I have had so much drugery (signing Bills &c.) to do, that I have not had opportunity to write to any of our Friends at the Congress, & have supposed you wou’d receive from the Officers very frequent accounts of our public affairs; this will not excuse the Comtee. of Court for their neglect, but we have been overwhelmed with business, & that may be some excuse.

The affair of Petre, does not succeed to our wishes; but we go on making experiments, & hope we shall get into the best method: at Connecticutt they succeed better, as we are told, & a Comtee. is going thither to obtain all the knowlede they have. At Newbury, as I hear, they are seting up large works, under the direction of Mr. Peck, who has made some very good Petre.

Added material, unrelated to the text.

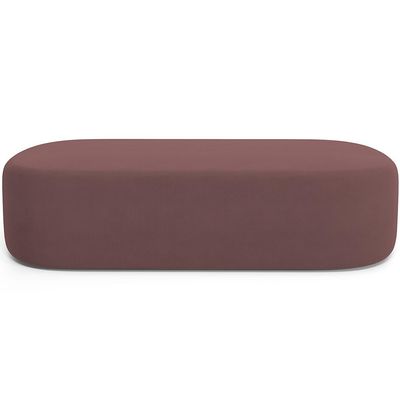Kit 02 Puffs Decorativos Orgânicos Para Living Quarto 160cm Doha W01 Suede Rosê - Lyam Decor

Mr. G— has no appointment yet, which will provide for a Family, but I hope some opening will soon appear for his advantage; he has certainly exerted himself much, & deserves to be noticed.

Just now one Mr. Phips of Sherburne brot. about 1/2 Peck Petre, made by himself; says that there is much labour attending the Process, but no other difficulty attending it; & speaks very encourageing of the Manufr.1 Also just now passed a Resolve for 7/ Lmo. per lb.2 ‘till June next, for all the S P made in the Colony. Phipp’s S P is not refined, & is said to appear better than any other that has been inspected, but it snaps too much: However, according to Doctr. Shaw,3 the refining is a plain simple process, & the common salt seperates from the S P in the Operation. Shaw speaks from experimts. made by himself abt. the year 1733.

I must write a few Lines to our other Friends, & have not time to write much of any matter to any One.

11th. By Our Armed Vessels, Boats, & Wrecks, we have possession of 8 or 10 of the Enemies Cargoes lately. One from Ireland brot us the Budget now sent to the Congress by Mr. Revere; this will probably give you some trouble; but I hope that Your Plan was ripen’d for such an event4; No one can now have any thing to hope or fear from a favourable reception of the Petition last sent: But my hopes now rise in favor of liberty; & it lies with your Congress to set us free, free from a Charter which has been a curse to our Fathers as well as us. I weep, I deeply mourn being seper­107ated from G B, but I think it looks as if we must be forever seperated. If She calls in foreign aid to Shackle us, may not we seek for help, from both God & Man, in such a righteous cause.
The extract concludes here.